Your assignment
Produce a verbatim transcription of the entries, with all pictures omitted.

(Stored items from a collection)
###
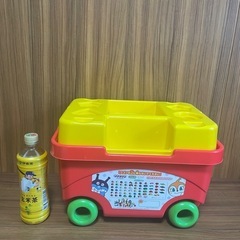 〈決まりました〉【無料でお譲り】アンパンマンの車型おもちゃ箱の画像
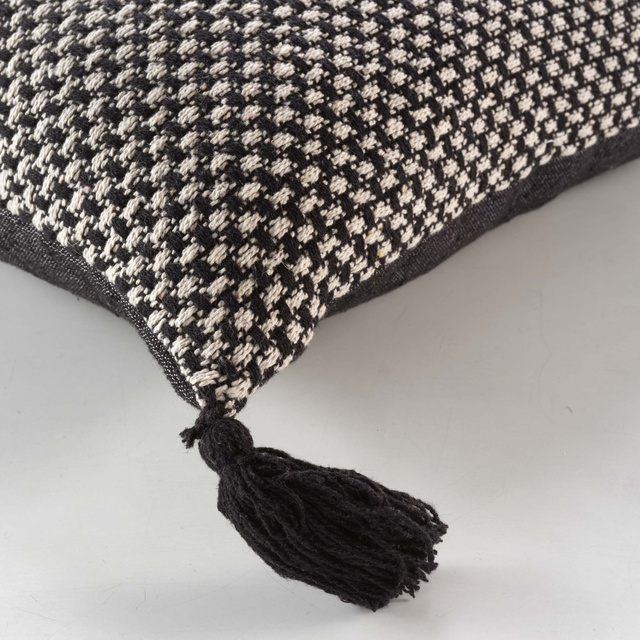 Perna decorativa pentru sufragerie JENNIE, cu ciucuri, bumbac, 40 x 40 cm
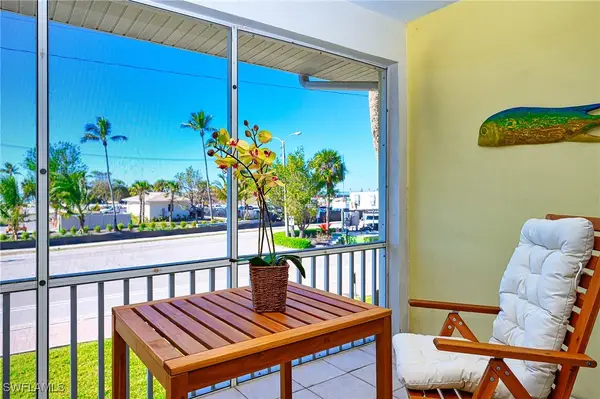 1550 Gulf Shore Boulevard N #W4, Naples, FL 34102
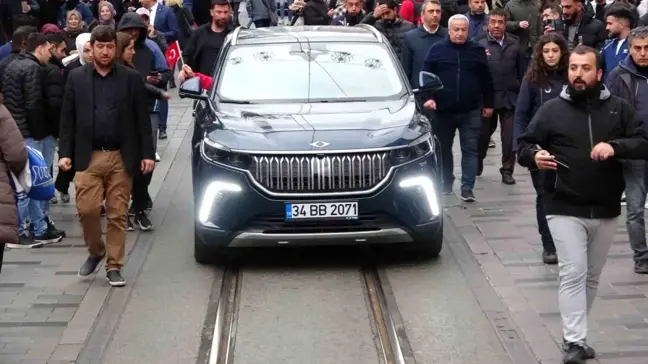 Beyoğlu Belediye Başkanı Haydar Ali Yıldız yerli otomobil TOGG ile Taksim Meydanı'na geldi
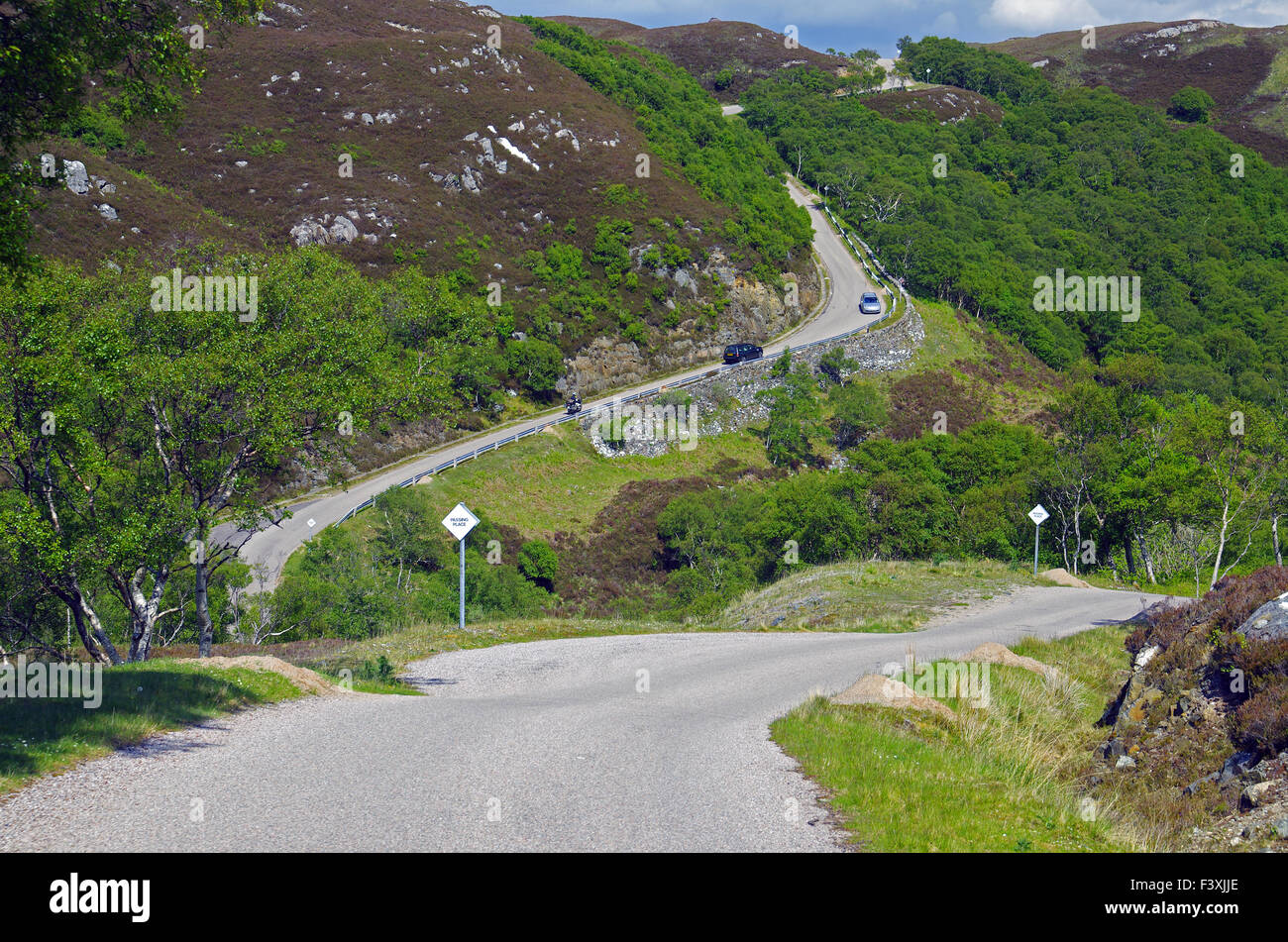 Ripida strada costiera a nord di Ullapool Foto Stock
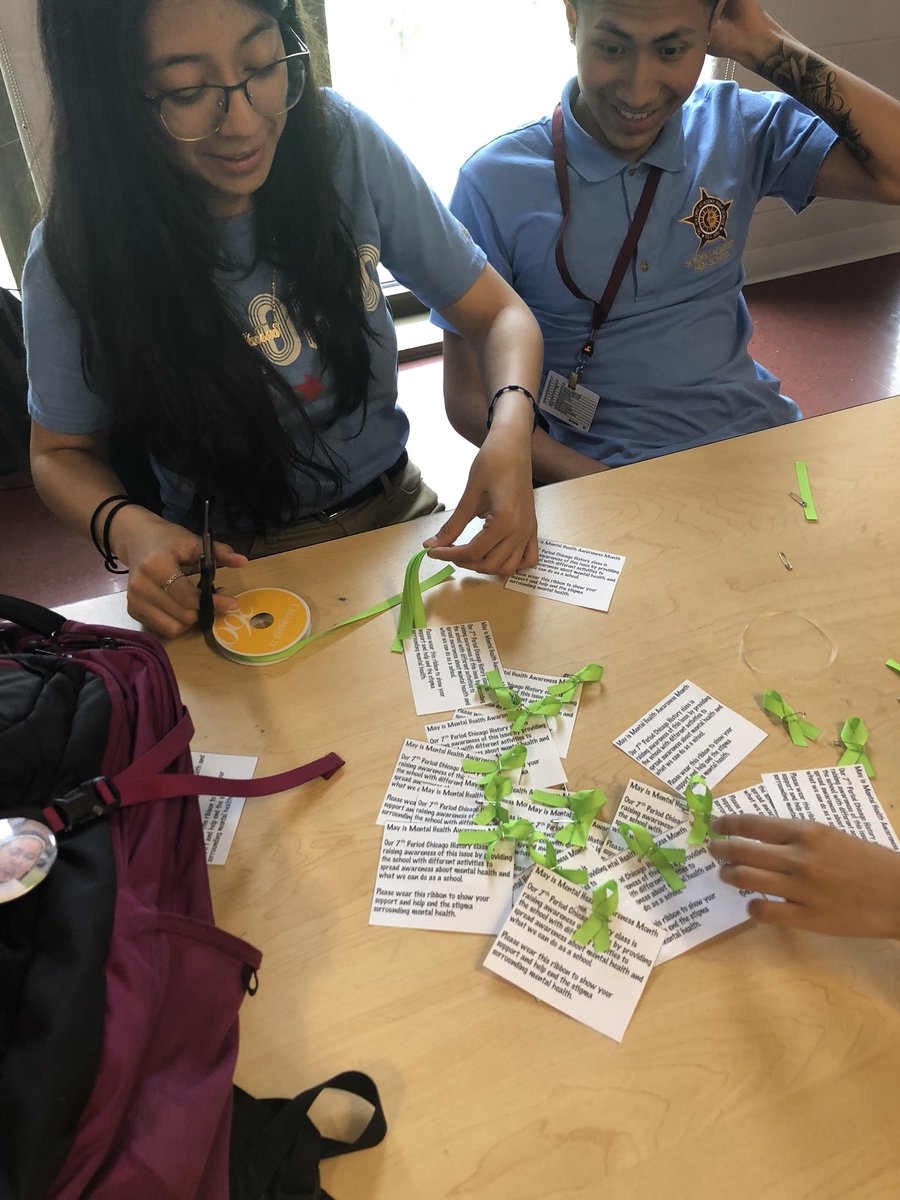 ms_kroncke's tweet photo. Seniors making awareness ribbons for their @MikvaChallenge project on mental health awareness 🧠💚 https://t.co/0IgF3870YJ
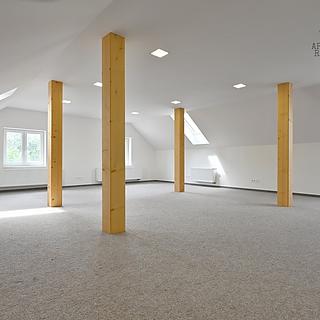 Pronájem kanceláře 69 m&sup2; Kutná Hora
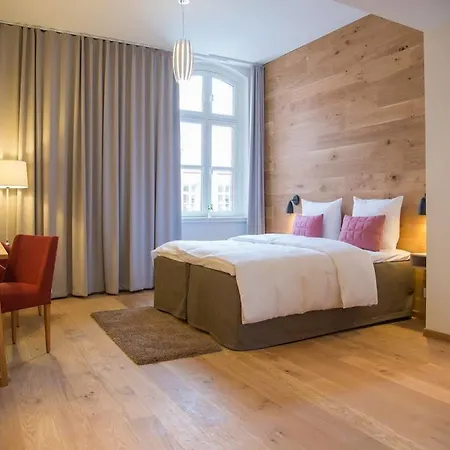 Hotel Zur Alten Post 4*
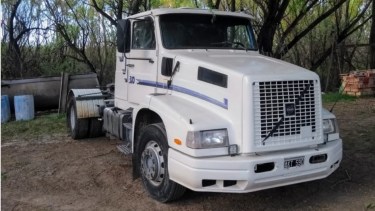 El camión, con daños en su trompa, fue abandonado en una calle de Bahía Blanca.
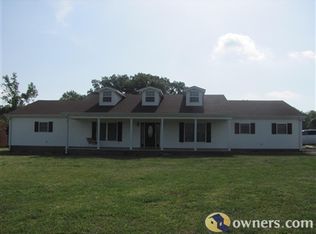 322 Scott Fitts Rd, Murray, KY 42071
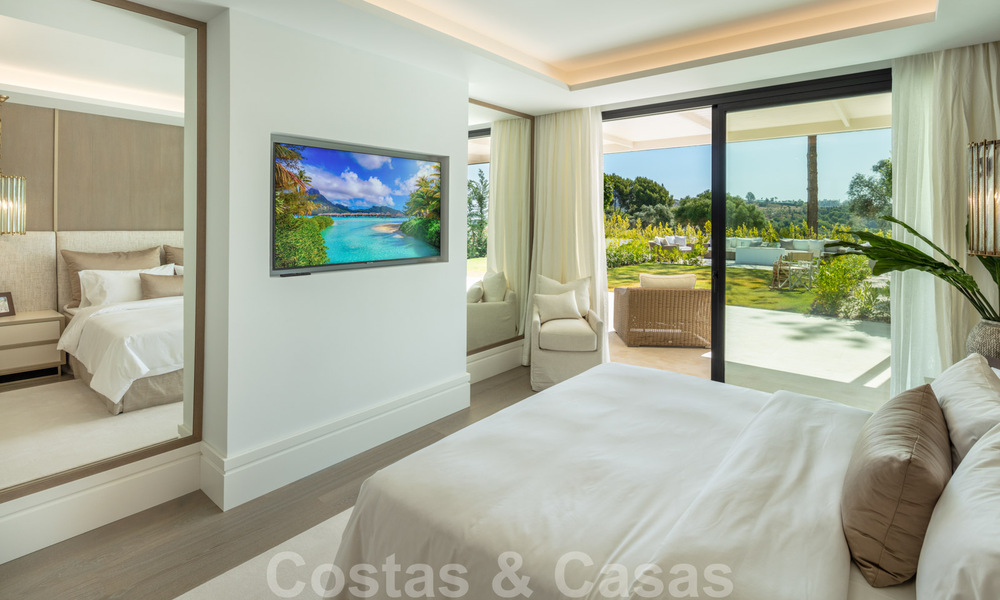 Villa exclusive à vendre en première ligne du golf à Aloha dans une résidence fermée à Nueva Andalucia - Marbella 35337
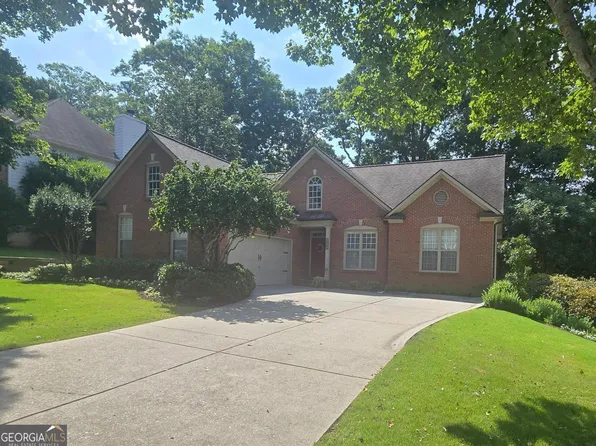 2515 Chandler Grove Dr, Buford, GA 30519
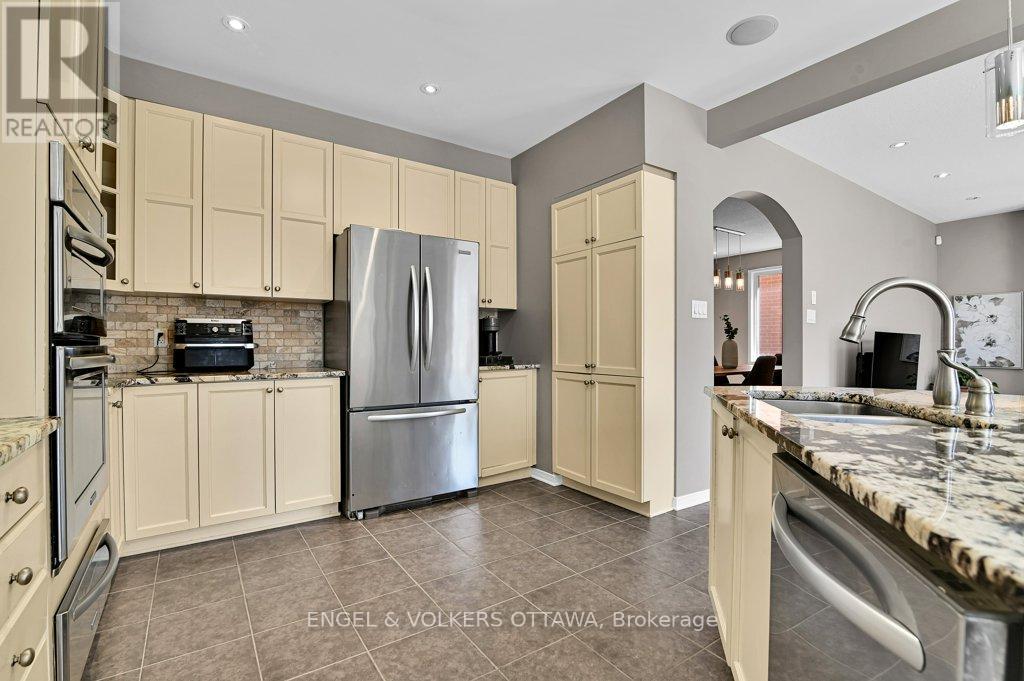 49 Grenwich Circle, Ottawa, Ontario  K2C 4G1 - Photo 13 - X13488214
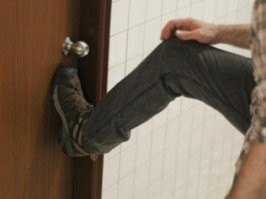 как говорят  - ворвался с ноги )))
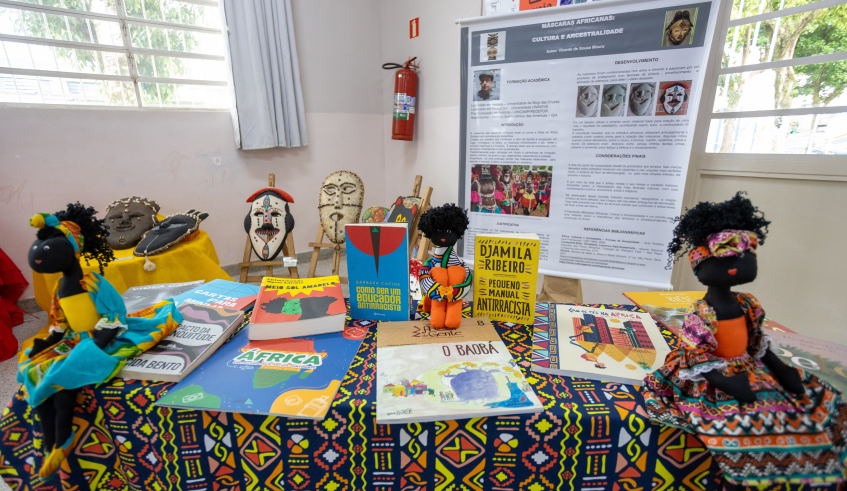 Também estão em exposição abayomis, bonecas brasileiras feitas com retalhos de tecido que se tornaram símbolo de resistência e afeto da cultura negra. (Divulgação/PMMC)
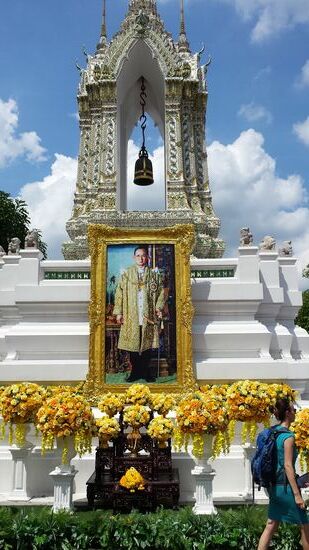 Überall sind die Gendenkbilder des Königs Bhumibol, der letztes Jahr, als ich gerade in VietNam war, verstorben ist.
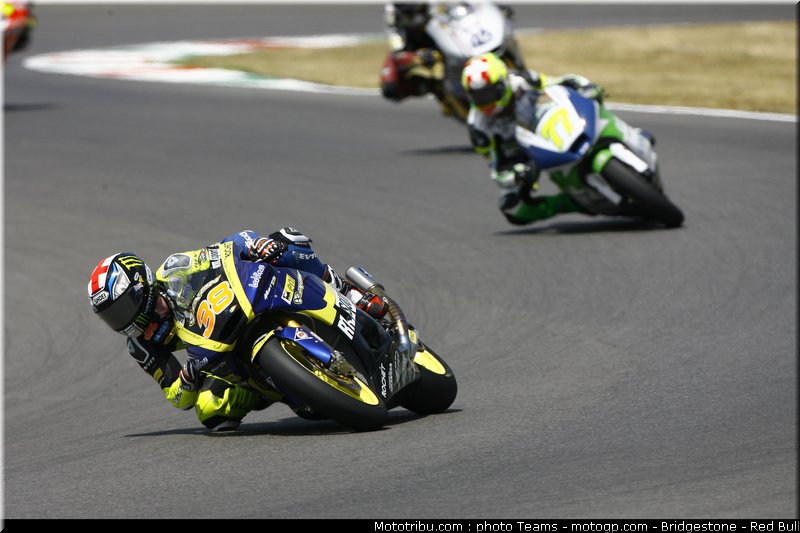 moto2_smith_0024_italie_mugello_2012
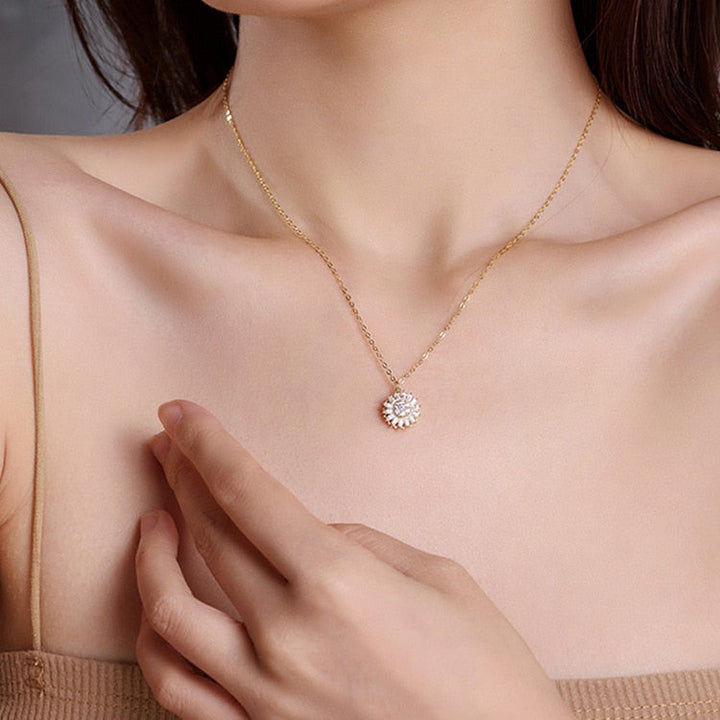 GoldenBloom justerbart halsband | Roterande solrosberlock för tidlös elegans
###
Solution for this exercise
 〈決まりました〉【無料でお譲り】アンパンマンの車型おもちゃ箱の画像
 Perna decorativa pentru sufragerie JENNIE, cu ciucuri, bumbac, 40 x 40 cm
 1550 Gulf Shore Boulevard N #W4, Naples, FL 34102
 Beyoğlu Belediye Başkanı Haydar Ali Yıldız yerli otomobil TOGG ile Taksim Meydanı'na geldi
 Ripida strada costiera a nord di Ullapool Foto Stock
 ms_kroncke's tweet photo. Seniors making awareness ribbons for their @MikvaChallenge project on mental health awareness 🧠💚 https://t.co/0IgF3870YJ
 Pronájem kanceláře 69 m&sup2; Kutná Hora
 Hotel Zur Alten Post 4*
 El camión, con daños en su trompa, fue abandonado en una calle de Bahía Blanca.
 322 Scott Fitts Rd, Murray, KY 42071
 Villa exclusive à vendre en première ligne du golf à Aloha dans une résidence fermée à Nueva Andalucia - Marbella 35337
 2515 Chandler Grove Dr, Buford, GA 30519
 49 Grenwich Circle, Ottawa, Ontario  K2C 4G1 - Photo 13 - X13488214
 как говорят  - ворвался с ноги )))
 Também estão em exposição abayomis, bonecas brasileiras feitas com retalhos de tecido que se tornaram símbolo de resistência e afeto da cultura negra. (Divulgação/PMMC)
 Überall sind die Gendenkbilder des Königs Bhumibol, der letztes Jahr, als ich gerade in VietNam war, verstorben ist.
 moto2_smith_0024_italie_mugello_2012
 GoldenBloom justerbart halsband | Roterande solrosberlock för tidlös elegans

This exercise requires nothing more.